H2 revenue came in at S$7.4 billion, up 2.7 per cent year on year from S$7.2 billion.
The board proposed a final ordinary dividend of S$0.103 per share, totalling S$1.7 billion for the financial year ended Mar 31. This consists of a core dividend of S$0.07 a share and a value realisation dividend of S$0.033 a share.
This brings Singtel’s total annual dividend to a record S$0.185 a share.
Full-year results
For FY2026, the group’s net profit rose 39.5 per cent to S$5.6 billion from S$4 billion in 2025.
This was boosted by a S$2.84 billion net exceptional gain, mainly from Airtel stake sales, and partly offset by various provisions largely from Australia.
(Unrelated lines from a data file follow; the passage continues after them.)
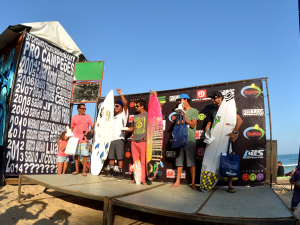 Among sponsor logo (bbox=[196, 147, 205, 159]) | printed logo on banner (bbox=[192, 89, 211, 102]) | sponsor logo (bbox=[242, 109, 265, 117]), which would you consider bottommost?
sponsor logo (bbox=[196, 147, 205, 159])

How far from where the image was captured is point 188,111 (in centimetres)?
Answer: 467

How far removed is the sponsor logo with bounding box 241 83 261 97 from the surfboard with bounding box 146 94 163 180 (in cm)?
187

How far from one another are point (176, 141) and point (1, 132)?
533cm

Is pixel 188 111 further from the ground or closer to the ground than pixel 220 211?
further from the ground

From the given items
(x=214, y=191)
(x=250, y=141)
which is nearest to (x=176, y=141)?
(x=214, y=191)

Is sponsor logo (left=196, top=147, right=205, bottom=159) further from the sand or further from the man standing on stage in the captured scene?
the man standing on stage

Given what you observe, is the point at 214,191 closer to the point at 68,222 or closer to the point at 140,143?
the point at 140,143

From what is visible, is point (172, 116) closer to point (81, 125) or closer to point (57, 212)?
point (81, 125)

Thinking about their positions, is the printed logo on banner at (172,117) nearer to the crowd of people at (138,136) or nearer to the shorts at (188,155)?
the crowd of people at (138,136)

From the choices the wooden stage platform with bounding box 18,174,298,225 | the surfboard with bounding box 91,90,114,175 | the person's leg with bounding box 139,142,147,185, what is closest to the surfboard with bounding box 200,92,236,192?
the wooden stage platform with bounding box 18,174,298,225

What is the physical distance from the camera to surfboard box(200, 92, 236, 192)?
406 centimetres

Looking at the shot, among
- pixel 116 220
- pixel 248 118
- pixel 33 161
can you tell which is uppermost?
pixel 248 118

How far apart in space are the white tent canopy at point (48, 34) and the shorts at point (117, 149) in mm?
4503

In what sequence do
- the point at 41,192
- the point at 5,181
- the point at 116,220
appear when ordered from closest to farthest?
the point at 116,220 → the point at 41,192 → the point at 5,181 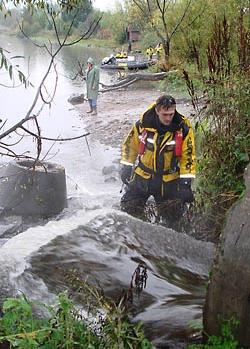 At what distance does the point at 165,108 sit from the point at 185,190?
101 centimetres

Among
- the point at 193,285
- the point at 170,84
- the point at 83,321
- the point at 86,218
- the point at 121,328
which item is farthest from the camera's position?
the point at 170,84

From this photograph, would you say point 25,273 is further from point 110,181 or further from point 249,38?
point 110,181

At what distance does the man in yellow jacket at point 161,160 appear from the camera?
590 cm

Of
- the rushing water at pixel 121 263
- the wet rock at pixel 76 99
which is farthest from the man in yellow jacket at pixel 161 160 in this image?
the wet rock at pixel 76 99

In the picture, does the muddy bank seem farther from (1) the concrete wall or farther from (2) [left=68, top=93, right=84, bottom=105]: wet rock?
(1) the concrete wall

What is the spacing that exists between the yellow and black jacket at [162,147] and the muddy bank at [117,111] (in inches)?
325

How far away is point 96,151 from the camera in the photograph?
13977mm

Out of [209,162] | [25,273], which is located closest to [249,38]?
[209,162]

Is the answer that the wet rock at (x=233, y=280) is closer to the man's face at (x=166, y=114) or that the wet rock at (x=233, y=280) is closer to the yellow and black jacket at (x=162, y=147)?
the man's face at (x=166, y=114)

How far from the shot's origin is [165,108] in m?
5.70

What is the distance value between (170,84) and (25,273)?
1806cm

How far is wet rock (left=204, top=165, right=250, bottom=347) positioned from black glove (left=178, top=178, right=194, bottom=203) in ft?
7.82

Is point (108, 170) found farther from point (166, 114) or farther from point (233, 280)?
point (233, 280)

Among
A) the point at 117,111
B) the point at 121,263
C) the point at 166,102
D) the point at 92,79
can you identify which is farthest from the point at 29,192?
the point at 117,111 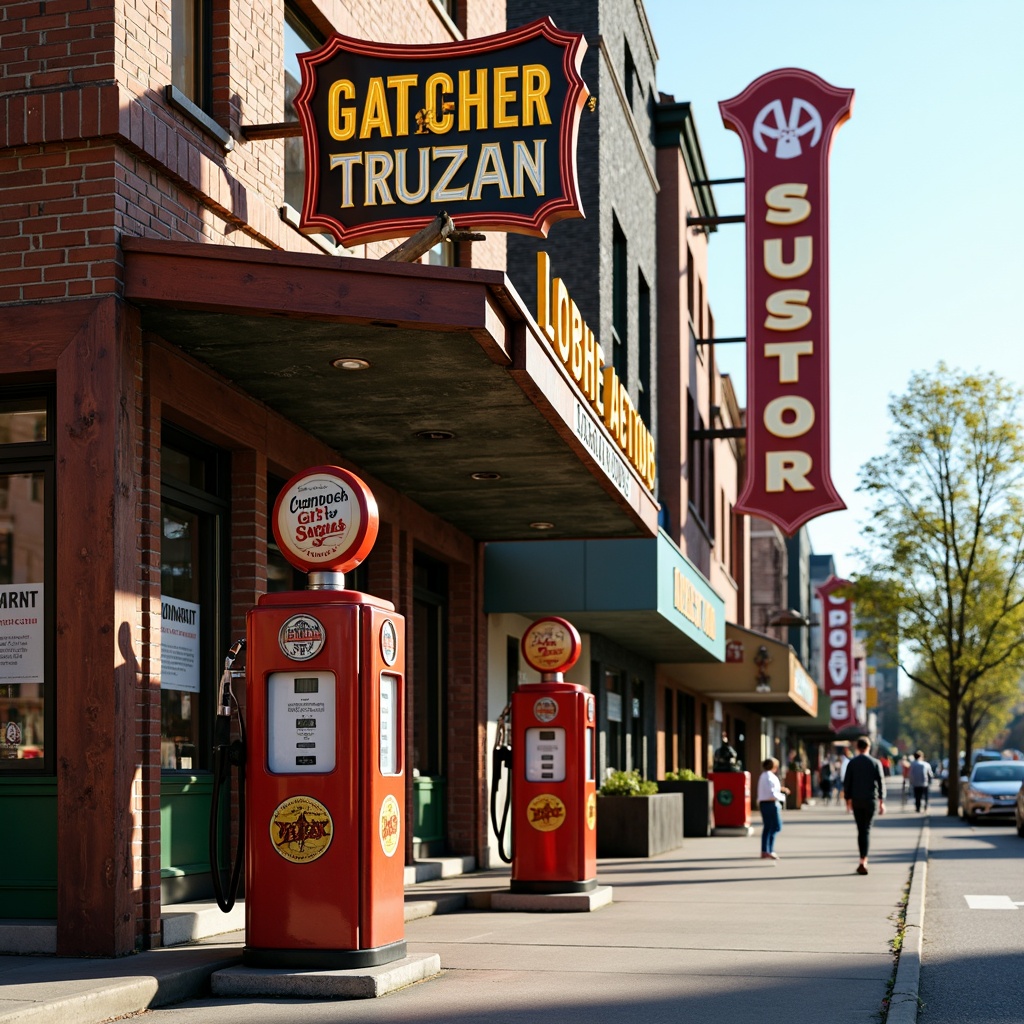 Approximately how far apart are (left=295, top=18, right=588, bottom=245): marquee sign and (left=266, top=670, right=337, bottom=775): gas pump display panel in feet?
13.5

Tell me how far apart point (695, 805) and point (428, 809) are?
11.5 metres

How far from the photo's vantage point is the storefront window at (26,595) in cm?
990

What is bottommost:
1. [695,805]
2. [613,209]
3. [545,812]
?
[695,805]

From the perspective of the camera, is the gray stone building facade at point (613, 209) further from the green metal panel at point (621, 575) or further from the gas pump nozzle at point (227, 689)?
the gas pump nozzle at point (227, 689)

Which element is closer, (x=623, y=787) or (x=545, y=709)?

Singtel’s underlying net profit climbed 12.1 per cent year on year to S$2.8 billion from S$2.5 billion, driven by growth in its regional associates Airtel and AIS, as well as operating companies NCS, Digital InfraCo and Optus.
Its full-year EPS stood at S$0.3398, up from S$0.2434 for the previous financial year.
Revenue was largely stable, up 0.8 per cent at S$14.3 billion, from S$14.1 billion previously.
In FY2026, Singtel undertook strategic and capital management initiatives aligned with its Singtel28 objectives. These aim to position the group to develop new revenue levers, pursue new growth opportunities as well as improve its capital efficiency.
These include its purchase of ST Telemedia Global Data Centres with KKR to accelerate its digital infrastructure strategy, asset recycling that has generated S$3.9 billion, and the Singtel special discounted share transfer exercise to improve its flexibility.
In a separate statement on Thursday, Singtel said it is open to an Australian partner taking a minority stake in Optus.
Miniority shareholders of Singtel, which fully owns Optus, have been concerned over its investment in the beleaguered Australian telco, given the emergency call outage last year which resulted in fatalities.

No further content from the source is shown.